22/04/2020

Ho da sempre un problema di archiviazione. Dagli appunti di scuola, ai documenti personali e di lavoro, alla rubrica telefonica, ai libretti per le istruzioni degli elettrodomestici, ai ricordi. E non è, lo premetto, una questione di essere o meno una persona ordinata. Anzi è forse proprio dal verbo archiviare che iniziano i miei problemi, il cui uso ha, nei suoi stessi sinonimi,  parole opposte e contrarie. Non vi sembra un po’ ironico che tra i sinonimi di archiviare troviamo: conservare, catalogare, memorizzare come anche insabbiare, abbandonare, accantonare?

E’ innegabile che la definizione più semplice e immediata, sicuramente la più sintetica è: raccolta di documenti. So come questa tecnica sia diventata sempre più sofisticata nell’era del digitale, ai software gestionali si sono affiancati i software di archiviazione, agli scanner i servizi cloud e oltre fino alla fantascienza. Mi rendo conto che se la necessità di costruire un sistema di archivi di documenti sia cartacei che digitali, nasce da esigenze di catalogazione e gestione delle informazioni pregresse, la possibilità di avere accesso a banche dati complesse fa dell’archiviazione di documenti un’attività propedeutica ad analisi strategiche e predittive. La finalità ultima è quella di essere in grado, più o meno agilmente, di recuperare e confrontare i dati in modo da far emergere informazioni nuove e significative. E questo nel mio lavoro di albergatrice mi è chiarissimo: statistiche e occupazione, strategie commerciali e di comunicazione, dunque revenue marketing e pricing, si basano su una analisi continua e attenta dei dati storici ex ante che mi permettono di fare delle simulazioni ex post. Dunque se si tratta di usarli i dati va tutto liscio ma se invece si tratta di metterli via mi perdo tra le diverse linee guida e così mi accade con i ricordi. Quando infatti mi viene chiesto di recuperare attraverso la memoria “informazioni archiviate del mio passato” mi si affollano nella mente troppe associazioni. Tornare ad impossessarmi dei ricordi in maniera associativa e non sequenziale ha come esito GLORIA ed uno straordinario caleidoscopio di flash back.

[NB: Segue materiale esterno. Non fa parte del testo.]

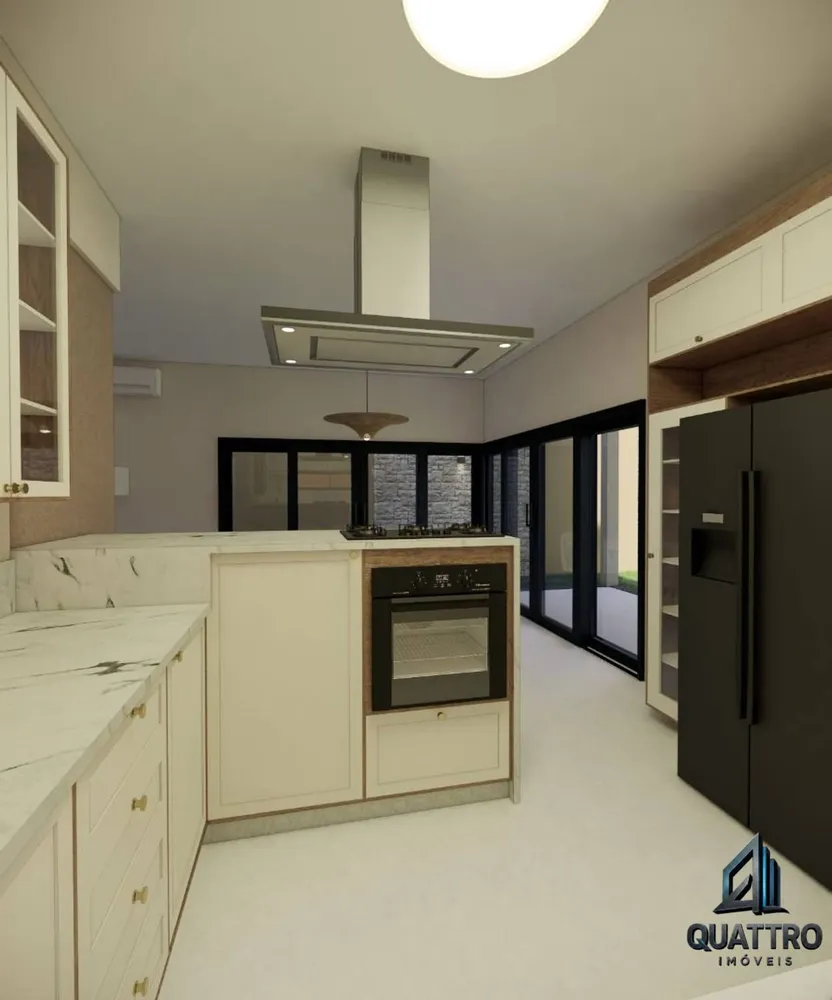 Casa, 4 quartos, 213 m² - Foto 12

Le emozioni che mi suscita questa “solitudine alberghiera” potrebbero essere paragonate a una sorta di memoria che rimuove o, al contrario, rende vividi i ricordi di eventi ed esperienze vissute. Ci sono in ufficio circa 40 album fotografici che raccolgono, ed è opera di mia sorella, tutte le feste del “ritz”: si parte dal Capodanno 1968 e si arriva a quello del 2019, attraverso Pasque, Natali, Feste di Ferragosto, San Valentino, Carnevale e qualche 14 luglio in piscina quando, seppure in bassa stagione, la clientela francese era così numerosa che al “ritz” si festeggiavano: liberté, egalité et fraternité. Le feste, tutte, erano occasioni di un’inventiva esplosiva: mia madre e mia sorella creavano vere e proprie scenografie, tutti erano coinvolti, clienti e collaboratori, e anche io sempre un po’ schiva e renitente di fronte ai travestimenti; eppure nessuna festività sarebbe stata mai vissuta più intensamente di quelle sfacchinate al “ritz”. Negli anni è stato sempre più difficile divertire la gente: coinvolgerla e stupirla. Negli anni sono cambiate tante cose, ma non le famose feste del “ritz”.